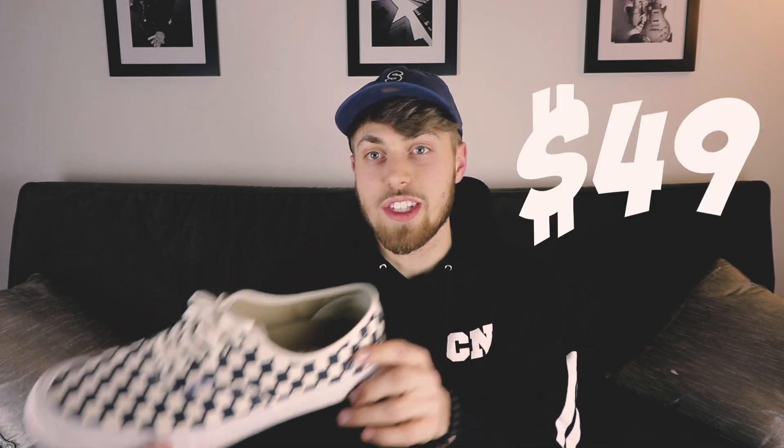Next up on our list, we have the checkered Vans. These sneakers retail for $75, but I didn't pay $75 for them. When I went to the Vans store, they were running a promotion — if you spent $70 or more, you got 30% off, so these ended up being $49. These aren't the normal checkered Vans either — these are the Authentic Pros.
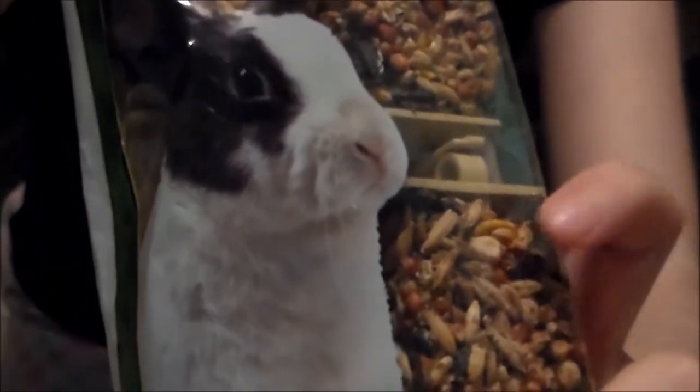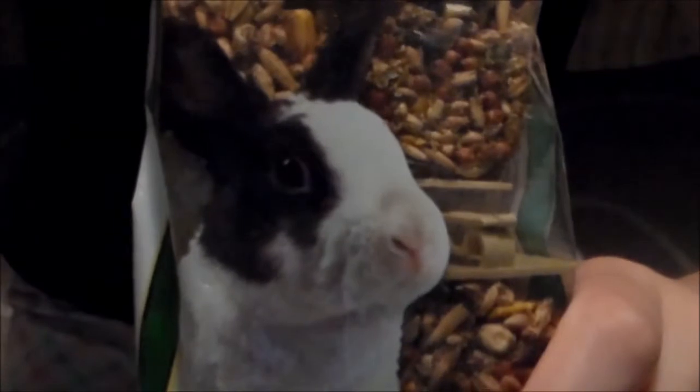Next I have these KT honey treats, and these are actually not for rabbits because again they have seeds. This package is still unopened — I actually have like five packages of these and haven't opened a single one yet, so I don't know if Maria likes them or not. This is what they look like — they're little things you can hang on the cage. I've never tried these before.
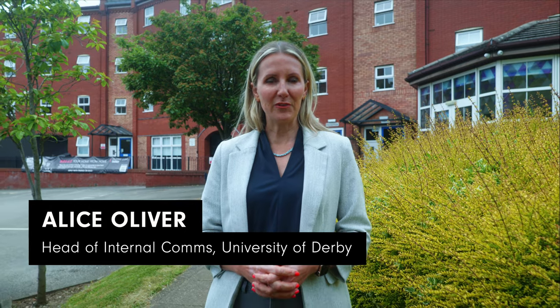Hi, I'm Alice and I'm here at the University of Derby Hall of Residence. I'm visiting today to find out what life is like in halls for our students. Let's head inside — we're going to meet Kirk, who's the manager of these halls, and he's going to show me around.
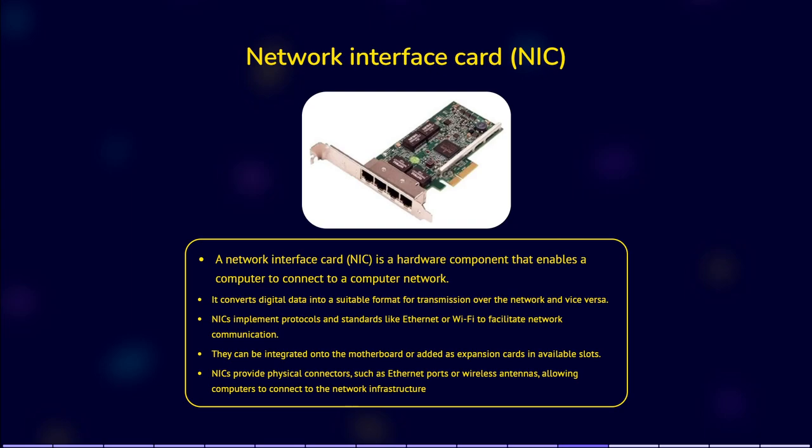Some NICs are integrated directly into the computer's motherboard, while others are add-on expansion cards that can be inserted into an available expansion slot. The NIC typically has a physical connector, such as an Ethernet port or a wireless antenna, that allows the computer to connect to the network infrastructure. Once connected to the network, the NIC enables the computer to communicate with other devices on the network, such as other computers, servers and printers. It allows the computer to access shared resources, browse the internet, send and receive emails, and participate in various network-based applications.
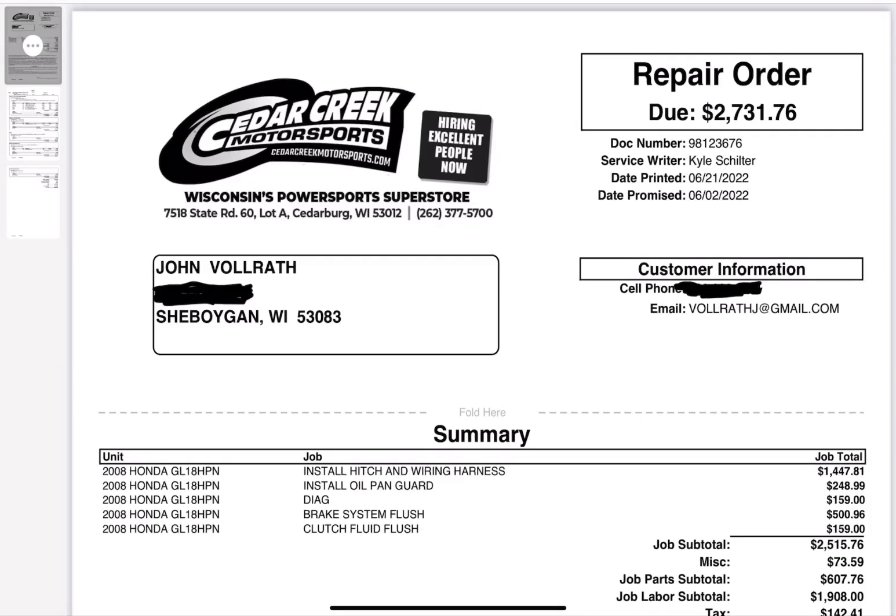Hey everybody, Johnny Begid here. The motorcycle shop, Cedar Creek Motorsports of Cedarburg, Wisconsin, just called me yesterday and it's all done.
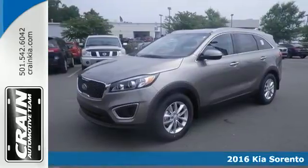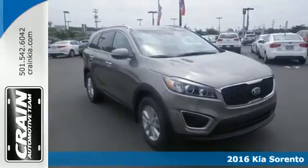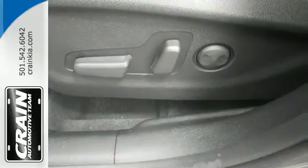Here's a 2016 Kia Sorento. Whatever your adventure is, this Sorento was bred for it. For the dicey roads, the vehicle stability management helps you stay in control.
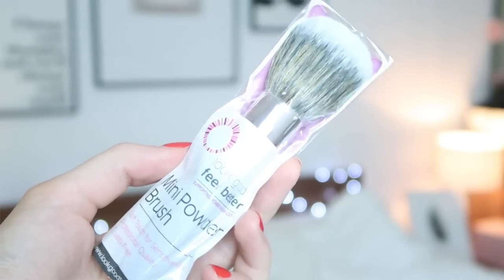Number thirteen — we've got a mini powder brush from the Look Good Feel Better range, which is a range of brushes that supports women with cancer. Mini powder brush, soft touch for sensitive skin — it's such a really cute one. Love that.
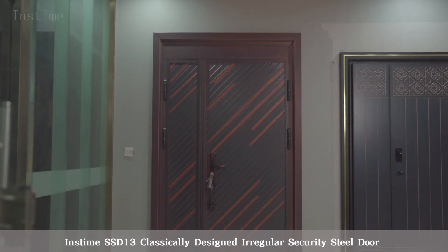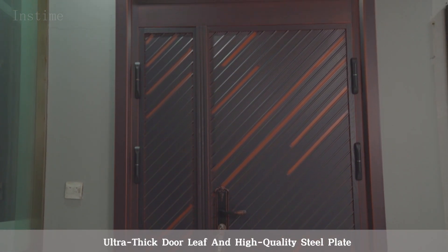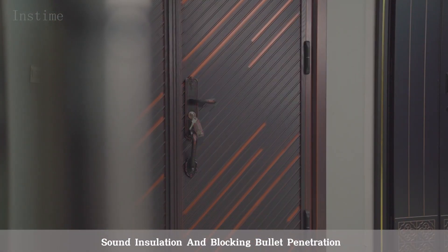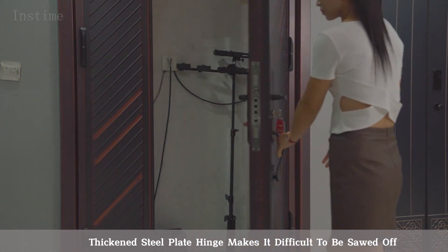Inztime SSD 13, a classically designed irregular security steel door. Its ultra-thick door leaf and high-quality steel plate give it three advantages: heat preservation, sound insulation, and blocking bullet penetration. The thickened steel plate hinge makes it difficult to be sawed off.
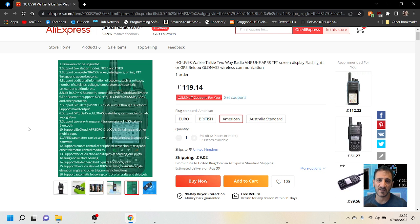It supports complete tracker, intelligent timing PTT linkage, and cube beacons. Additional beacon information includes mileage, number of satellites, voltage, temperature, atmospheric pressure. Bluetooth is compatible with Android and iPhone. It supports GPS data and GPS beacons, and transparent transmission of KISS data via Bluetooth — isn't that a TNC?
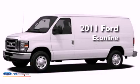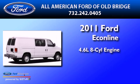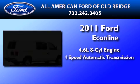This is a brand new 2011 Ford EconoLine. It has a 4.6-liter 8-cylinder engine and a 4-speed automatic transmission.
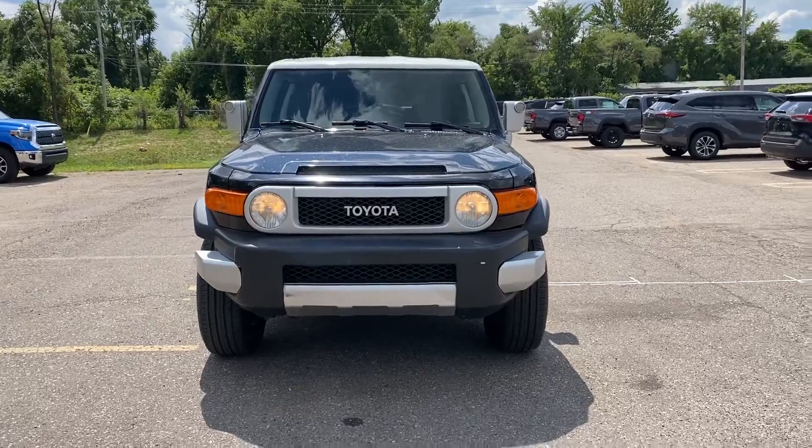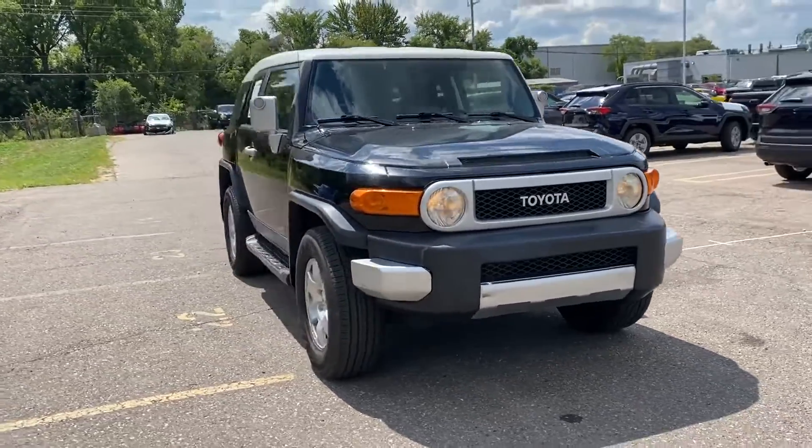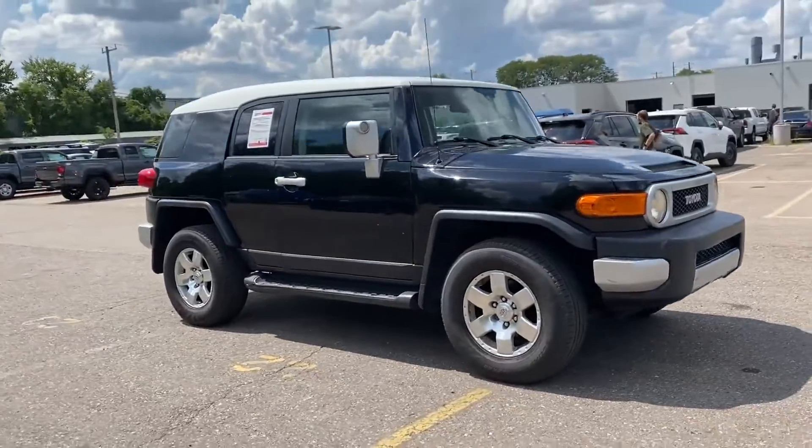2010 Toyota FJ Cruiser. This SUV offers space as well as power and performance.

______

▸ **Work instruction**
Write out, exactly as they stand, the line with "Here's a 2016" and every line after it through the end of the entries above; omit the pictures.

▸ **Finished exercise**
Here's a 2016 Kia Sorento. Whatever your adventure is, this Sorento was bred for it. For the dicey roads, the vehicle stability management helps you stay in control.
Number thirteen — we've got a mini powder brush from the Look Good Feel Better range, which is a range of brushes that supports women with cancer. Mini powder brush, soft touch for sensitive skin — it's such a really cute one. Love that.
Inztime SSD 13, a classically designed irregular security steel door. Its ultra-thick door leaf and high-quality steel plate give it three advantages: heat preservation, sound insulation, and blocking bullet penetration. The thickened steel plate hinge makes it difficult to be sawed off.
It supports complete tracker, intelligent timing PTT linkage, and cube beacons. Additional beacon information includes mileage, number of satellites, voltage, temperature, atmospheric pressure. Bluetooth is compatible with Android and iPhone. It supports GPS data and GPS beacons, and transparent transmission of KISS data via Bluetooth — isn't that a TNC?
This is a brand new 2011 Ford EconoLine. It has a 4.6-liter 8-cylinder engine and a 4-speed automatic transmission.
2010 Toyota FJ Cruiser. This SUV offers space as well as power and performance.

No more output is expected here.